That would be the primary limit, it is a monitor of the air flow through /over the heat exchanger(s). When this limit trips (we pro's call it "open") it means the air flow across the limit in insufficient to carry away all the heat being made, and the furnace has reached a unsafe operating temperature, the main control board will stop the burner operation and initiate the blower operation on high. burner operation will not be allowed again until the limit closes again.

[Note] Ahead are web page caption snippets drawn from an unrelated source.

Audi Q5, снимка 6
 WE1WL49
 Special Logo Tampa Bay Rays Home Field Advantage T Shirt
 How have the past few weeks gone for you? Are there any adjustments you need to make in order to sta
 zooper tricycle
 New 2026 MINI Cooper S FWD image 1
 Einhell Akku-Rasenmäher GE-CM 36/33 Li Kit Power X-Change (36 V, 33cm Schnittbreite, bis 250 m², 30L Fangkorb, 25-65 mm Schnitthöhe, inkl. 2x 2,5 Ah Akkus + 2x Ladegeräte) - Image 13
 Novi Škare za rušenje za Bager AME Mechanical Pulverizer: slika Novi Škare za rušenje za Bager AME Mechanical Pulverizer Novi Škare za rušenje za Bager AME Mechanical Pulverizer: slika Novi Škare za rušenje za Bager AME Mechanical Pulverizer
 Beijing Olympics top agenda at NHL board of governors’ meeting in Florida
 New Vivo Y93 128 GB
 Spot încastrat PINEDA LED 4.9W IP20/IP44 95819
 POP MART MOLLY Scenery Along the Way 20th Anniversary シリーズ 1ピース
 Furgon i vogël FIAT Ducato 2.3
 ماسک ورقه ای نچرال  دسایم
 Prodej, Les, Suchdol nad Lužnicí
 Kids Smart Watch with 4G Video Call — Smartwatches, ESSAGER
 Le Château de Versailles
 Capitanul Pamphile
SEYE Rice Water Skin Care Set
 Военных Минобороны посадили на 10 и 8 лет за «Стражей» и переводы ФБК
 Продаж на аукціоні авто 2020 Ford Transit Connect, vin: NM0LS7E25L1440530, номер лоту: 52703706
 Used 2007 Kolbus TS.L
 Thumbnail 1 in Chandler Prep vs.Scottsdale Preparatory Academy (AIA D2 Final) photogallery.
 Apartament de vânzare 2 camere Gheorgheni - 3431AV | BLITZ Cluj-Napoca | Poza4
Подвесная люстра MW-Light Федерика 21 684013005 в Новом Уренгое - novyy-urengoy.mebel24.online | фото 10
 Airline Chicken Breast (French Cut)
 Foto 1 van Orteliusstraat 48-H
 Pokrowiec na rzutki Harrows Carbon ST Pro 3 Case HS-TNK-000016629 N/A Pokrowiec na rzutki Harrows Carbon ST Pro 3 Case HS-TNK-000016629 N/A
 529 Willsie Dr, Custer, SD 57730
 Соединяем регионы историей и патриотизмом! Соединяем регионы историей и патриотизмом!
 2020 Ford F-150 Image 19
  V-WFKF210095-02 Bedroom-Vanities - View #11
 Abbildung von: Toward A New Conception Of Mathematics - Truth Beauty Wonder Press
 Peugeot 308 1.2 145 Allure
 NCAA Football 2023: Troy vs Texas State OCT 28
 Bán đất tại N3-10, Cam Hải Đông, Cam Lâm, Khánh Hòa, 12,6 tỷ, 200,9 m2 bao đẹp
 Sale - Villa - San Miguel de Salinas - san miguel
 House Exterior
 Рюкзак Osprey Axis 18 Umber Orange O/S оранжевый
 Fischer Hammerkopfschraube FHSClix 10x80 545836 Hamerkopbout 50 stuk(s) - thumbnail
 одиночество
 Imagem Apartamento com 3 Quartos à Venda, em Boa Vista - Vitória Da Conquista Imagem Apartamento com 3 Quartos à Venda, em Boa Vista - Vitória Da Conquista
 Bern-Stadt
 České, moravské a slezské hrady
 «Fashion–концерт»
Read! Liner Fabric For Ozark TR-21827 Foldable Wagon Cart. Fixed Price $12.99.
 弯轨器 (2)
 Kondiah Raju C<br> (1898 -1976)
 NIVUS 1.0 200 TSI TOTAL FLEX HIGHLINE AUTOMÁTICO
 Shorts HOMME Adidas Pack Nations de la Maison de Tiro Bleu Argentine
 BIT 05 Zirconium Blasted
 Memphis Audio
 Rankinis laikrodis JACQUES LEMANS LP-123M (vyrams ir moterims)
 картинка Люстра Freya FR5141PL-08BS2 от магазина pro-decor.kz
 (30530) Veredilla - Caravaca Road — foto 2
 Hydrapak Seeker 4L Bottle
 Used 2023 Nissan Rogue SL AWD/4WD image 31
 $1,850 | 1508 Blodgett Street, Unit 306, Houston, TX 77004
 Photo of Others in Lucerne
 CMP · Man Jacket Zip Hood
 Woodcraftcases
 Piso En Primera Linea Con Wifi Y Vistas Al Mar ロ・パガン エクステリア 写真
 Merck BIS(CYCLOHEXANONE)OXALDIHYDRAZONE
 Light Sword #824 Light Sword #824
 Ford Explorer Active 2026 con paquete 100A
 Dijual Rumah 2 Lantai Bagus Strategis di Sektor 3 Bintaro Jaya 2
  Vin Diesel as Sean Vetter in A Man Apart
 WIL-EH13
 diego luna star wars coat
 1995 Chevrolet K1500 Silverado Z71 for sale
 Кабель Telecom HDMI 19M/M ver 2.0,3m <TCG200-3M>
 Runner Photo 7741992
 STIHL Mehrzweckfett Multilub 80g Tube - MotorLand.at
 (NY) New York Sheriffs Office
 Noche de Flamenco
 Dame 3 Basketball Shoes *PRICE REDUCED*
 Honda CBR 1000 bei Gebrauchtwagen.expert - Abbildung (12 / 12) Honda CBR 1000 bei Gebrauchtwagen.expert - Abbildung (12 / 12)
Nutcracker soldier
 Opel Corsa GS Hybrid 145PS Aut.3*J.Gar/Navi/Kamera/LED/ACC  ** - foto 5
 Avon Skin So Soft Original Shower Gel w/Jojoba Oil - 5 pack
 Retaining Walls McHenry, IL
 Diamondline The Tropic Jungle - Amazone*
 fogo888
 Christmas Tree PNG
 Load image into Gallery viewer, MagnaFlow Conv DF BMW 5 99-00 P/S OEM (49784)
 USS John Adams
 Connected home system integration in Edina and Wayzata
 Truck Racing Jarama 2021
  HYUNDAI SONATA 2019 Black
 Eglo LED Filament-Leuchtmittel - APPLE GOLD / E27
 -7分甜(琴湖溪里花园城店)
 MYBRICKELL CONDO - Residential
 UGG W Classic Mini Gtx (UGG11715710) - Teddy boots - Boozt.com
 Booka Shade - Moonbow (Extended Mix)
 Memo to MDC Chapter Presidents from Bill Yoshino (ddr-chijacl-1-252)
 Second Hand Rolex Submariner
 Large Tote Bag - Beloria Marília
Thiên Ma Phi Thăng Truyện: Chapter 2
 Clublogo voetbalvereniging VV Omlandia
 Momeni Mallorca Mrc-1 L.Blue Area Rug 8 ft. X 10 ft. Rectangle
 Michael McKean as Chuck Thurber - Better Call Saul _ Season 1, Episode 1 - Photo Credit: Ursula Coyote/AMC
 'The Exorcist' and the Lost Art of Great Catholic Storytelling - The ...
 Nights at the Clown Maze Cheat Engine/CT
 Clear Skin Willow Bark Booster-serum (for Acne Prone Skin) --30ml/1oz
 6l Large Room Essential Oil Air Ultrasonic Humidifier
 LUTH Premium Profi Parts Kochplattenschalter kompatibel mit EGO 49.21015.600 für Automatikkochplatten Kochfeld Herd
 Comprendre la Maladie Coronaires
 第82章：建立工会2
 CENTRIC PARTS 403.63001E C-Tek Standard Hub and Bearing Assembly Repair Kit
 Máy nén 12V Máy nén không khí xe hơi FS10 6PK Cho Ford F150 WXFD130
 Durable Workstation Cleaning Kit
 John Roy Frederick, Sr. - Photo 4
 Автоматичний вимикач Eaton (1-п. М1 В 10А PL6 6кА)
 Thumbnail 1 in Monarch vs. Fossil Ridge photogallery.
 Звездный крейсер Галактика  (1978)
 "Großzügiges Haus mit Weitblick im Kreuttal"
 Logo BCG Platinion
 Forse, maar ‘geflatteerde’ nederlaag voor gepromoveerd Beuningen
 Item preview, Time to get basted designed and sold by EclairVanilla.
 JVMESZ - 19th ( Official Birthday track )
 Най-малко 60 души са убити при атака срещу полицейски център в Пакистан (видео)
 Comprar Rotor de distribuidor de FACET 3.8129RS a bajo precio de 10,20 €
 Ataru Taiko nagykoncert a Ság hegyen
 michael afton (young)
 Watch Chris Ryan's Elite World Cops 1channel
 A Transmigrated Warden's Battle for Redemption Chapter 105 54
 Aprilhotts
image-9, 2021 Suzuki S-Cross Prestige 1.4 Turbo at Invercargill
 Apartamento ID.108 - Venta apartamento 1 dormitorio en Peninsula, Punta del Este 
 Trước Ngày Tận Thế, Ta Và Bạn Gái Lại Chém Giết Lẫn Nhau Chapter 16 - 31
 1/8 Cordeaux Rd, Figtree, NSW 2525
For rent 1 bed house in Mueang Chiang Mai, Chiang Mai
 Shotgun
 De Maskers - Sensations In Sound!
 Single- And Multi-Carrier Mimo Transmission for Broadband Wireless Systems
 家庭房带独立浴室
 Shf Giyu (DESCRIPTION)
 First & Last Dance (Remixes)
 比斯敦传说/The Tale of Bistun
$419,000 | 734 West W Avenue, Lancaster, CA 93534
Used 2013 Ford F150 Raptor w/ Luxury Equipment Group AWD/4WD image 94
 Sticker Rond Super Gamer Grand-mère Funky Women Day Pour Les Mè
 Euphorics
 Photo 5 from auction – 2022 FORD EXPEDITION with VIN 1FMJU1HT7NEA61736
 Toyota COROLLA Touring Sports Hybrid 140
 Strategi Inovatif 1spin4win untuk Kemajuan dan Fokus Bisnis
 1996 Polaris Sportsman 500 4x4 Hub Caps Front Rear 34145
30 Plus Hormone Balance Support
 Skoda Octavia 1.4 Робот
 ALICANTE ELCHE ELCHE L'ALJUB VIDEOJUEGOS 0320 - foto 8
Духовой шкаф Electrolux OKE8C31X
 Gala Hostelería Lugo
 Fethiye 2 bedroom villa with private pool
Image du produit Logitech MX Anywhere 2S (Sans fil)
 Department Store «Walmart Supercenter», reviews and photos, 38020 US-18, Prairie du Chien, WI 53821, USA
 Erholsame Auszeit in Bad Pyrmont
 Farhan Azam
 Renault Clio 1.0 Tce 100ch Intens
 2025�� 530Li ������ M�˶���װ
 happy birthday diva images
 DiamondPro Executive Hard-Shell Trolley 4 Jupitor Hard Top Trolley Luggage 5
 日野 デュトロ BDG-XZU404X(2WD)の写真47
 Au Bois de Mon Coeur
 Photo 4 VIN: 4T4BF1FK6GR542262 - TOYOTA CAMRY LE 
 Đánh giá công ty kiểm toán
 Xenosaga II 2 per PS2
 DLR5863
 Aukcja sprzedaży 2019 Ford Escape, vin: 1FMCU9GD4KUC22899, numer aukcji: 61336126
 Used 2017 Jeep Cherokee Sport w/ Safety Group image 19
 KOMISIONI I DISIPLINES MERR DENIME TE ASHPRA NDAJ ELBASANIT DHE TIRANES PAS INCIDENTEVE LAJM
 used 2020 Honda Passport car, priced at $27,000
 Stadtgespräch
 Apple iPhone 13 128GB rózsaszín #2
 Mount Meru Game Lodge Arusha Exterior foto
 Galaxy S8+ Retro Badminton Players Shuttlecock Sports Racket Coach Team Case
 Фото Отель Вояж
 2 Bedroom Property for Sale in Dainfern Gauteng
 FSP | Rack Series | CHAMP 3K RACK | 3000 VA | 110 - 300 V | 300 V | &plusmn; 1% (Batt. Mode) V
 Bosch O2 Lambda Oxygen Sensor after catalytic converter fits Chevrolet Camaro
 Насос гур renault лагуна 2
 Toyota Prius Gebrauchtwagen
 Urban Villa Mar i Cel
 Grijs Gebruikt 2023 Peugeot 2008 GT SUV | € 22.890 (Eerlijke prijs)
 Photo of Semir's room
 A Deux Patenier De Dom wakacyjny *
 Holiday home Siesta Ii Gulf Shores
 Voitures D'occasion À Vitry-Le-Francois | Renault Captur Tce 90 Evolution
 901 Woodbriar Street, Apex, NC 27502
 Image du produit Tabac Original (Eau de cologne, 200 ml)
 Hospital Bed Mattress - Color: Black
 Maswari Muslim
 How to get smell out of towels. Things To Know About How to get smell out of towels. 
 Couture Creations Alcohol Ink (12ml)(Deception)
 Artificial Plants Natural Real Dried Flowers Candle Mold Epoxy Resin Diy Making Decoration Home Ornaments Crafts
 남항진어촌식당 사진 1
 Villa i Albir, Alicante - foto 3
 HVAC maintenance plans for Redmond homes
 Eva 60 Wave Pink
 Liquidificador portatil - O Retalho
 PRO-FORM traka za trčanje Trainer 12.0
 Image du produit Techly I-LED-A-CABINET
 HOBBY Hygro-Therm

Most probable cause of this (and most common as well) is a dirty filter, and/or evaporator coil that is plugged.


----------



## acrawley (Nov 15, 2011)

harleyrider said:


> That would be the primary limit, it is a monitor of the air flow through /over the heat exchanger(s). When this limit trips (we pro's call it "open") it means the air flow across the limit in insufficient to carry away all the heat being made, and the furnace has reached a unsafe operating temperature, the main control board will stop the burner operation and initiate the blower operation on high. burner operation will not be allowed again until the limit closes again.
> 
> Most probable cause of this (and most common as well) is a dirty filter, and/or evaporator coil that is plugged.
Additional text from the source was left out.